Mumbai: A case of Maharashtra on how a person tried to scuttle the agricultural land ceiling law by partitioning his land to two minor girls will go before a larger Bench of the Supreme Court as the 2-judge Bench split early this week on his appeal against the government acquiring his surplus land.
Justice Sanjay Kishan Kaul allowed the appeal but Justice K M Joseph, the co-judge on the Bench, dismissed the appeal, refusing to interfere in the judgment of the Nagpur Bench of the Bombay High Court.

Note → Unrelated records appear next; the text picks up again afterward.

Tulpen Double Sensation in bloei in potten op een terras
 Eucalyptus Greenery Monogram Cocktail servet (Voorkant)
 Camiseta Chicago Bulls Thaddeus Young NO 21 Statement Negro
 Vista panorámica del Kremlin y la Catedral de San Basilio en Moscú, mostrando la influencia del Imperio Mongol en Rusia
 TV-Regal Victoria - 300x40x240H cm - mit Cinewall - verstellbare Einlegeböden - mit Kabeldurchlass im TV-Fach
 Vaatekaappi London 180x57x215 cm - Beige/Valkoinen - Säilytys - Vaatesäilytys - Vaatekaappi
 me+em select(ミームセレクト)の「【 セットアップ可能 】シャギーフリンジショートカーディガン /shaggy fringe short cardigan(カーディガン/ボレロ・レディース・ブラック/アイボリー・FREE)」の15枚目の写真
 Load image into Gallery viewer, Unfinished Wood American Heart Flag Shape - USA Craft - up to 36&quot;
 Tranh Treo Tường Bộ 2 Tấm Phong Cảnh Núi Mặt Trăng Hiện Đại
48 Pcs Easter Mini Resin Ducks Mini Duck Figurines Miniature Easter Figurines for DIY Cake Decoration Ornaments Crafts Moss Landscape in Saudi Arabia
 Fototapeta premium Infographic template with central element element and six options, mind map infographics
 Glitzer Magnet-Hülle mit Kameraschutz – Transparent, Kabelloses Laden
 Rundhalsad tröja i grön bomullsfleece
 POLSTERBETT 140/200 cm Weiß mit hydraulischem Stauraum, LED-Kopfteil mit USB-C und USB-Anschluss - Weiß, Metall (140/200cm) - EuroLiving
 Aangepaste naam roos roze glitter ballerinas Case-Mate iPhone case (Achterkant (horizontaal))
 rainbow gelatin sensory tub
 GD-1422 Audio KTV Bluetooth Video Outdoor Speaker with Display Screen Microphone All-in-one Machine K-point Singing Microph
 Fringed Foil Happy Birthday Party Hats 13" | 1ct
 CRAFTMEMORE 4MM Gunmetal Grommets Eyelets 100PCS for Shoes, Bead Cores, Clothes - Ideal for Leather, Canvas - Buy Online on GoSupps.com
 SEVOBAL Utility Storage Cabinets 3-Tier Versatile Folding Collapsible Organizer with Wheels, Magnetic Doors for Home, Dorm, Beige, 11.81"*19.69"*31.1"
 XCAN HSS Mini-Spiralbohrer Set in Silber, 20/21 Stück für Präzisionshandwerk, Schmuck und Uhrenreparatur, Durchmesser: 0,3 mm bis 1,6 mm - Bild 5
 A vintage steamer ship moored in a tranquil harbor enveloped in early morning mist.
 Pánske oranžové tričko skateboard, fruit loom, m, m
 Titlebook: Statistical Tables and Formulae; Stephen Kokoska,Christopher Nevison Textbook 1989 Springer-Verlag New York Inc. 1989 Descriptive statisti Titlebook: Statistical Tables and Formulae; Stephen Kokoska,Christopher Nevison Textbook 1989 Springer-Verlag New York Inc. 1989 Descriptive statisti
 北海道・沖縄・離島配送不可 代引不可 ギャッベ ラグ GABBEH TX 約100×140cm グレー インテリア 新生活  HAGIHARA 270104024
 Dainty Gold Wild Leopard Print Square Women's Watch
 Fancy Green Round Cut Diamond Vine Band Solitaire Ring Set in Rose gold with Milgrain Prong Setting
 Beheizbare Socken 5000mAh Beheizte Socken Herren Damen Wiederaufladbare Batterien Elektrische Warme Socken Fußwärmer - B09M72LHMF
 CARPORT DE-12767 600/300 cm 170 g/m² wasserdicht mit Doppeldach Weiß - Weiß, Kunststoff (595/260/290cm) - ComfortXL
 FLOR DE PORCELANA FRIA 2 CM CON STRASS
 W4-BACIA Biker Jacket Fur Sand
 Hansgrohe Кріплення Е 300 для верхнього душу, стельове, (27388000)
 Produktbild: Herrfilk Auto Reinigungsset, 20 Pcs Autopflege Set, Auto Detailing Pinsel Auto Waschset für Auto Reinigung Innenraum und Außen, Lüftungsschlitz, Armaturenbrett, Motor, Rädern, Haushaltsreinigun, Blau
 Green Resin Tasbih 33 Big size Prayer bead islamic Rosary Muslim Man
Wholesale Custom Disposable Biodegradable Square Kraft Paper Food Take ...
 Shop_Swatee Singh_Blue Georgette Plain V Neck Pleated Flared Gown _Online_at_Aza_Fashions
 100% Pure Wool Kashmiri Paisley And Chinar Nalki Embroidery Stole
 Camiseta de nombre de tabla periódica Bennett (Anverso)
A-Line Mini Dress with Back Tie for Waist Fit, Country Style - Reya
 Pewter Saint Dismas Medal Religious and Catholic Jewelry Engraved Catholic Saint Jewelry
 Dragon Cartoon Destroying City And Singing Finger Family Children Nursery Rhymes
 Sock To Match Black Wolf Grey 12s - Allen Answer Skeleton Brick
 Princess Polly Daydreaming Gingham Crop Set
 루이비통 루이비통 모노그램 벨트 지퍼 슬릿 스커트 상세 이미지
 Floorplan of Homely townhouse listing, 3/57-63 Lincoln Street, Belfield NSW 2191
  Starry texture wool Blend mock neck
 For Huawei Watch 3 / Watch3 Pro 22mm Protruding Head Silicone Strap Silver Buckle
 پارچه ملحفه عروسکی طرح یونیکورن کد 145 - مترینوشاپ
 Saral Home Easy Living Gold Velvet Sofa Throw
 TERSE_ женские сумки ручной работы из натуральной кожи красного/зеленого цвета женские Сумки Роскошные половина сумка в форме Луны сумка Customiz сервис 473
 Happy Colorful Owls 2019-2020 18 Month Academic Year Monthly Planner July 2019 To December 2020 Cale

The case relates to late Vithaldas Jagannath Khatri of Chikhali in Buldana district, who had tried to divide the ancestral agricultural land to the family members, including two minor daughters, Shakuntala and Durgadevi, through a partition deed on 31.1.1970 to reduce ownership of his land coming under the Maharashtra Agricultural Lands (Ceiling on Holding) Act.
Justice Kaul allowed the appeal with a forward in the judgment to point out how the government had put a ceiling on the agricultural land for redistribution to the large landless poor population and how the land owners endeavoured to redistribute it among the family to bring it within the ceilig limit or at least reduce the surplus land.
Dependents of Vithaldas moved the Apex Court against the Nagpur Bench dismissing the appeal he and his wife had filed to exclude 31 Acres and 29 Guntas given by him to his then minor daughters from his total land of 118 acres plus 17 Guntas.
Justice Joseph dismissed the petition, holding that he was not inclined to interfere in view of his finding that the properties allotted to the daughters were liable to be held by Vithaldas in calculation of the land ceiling.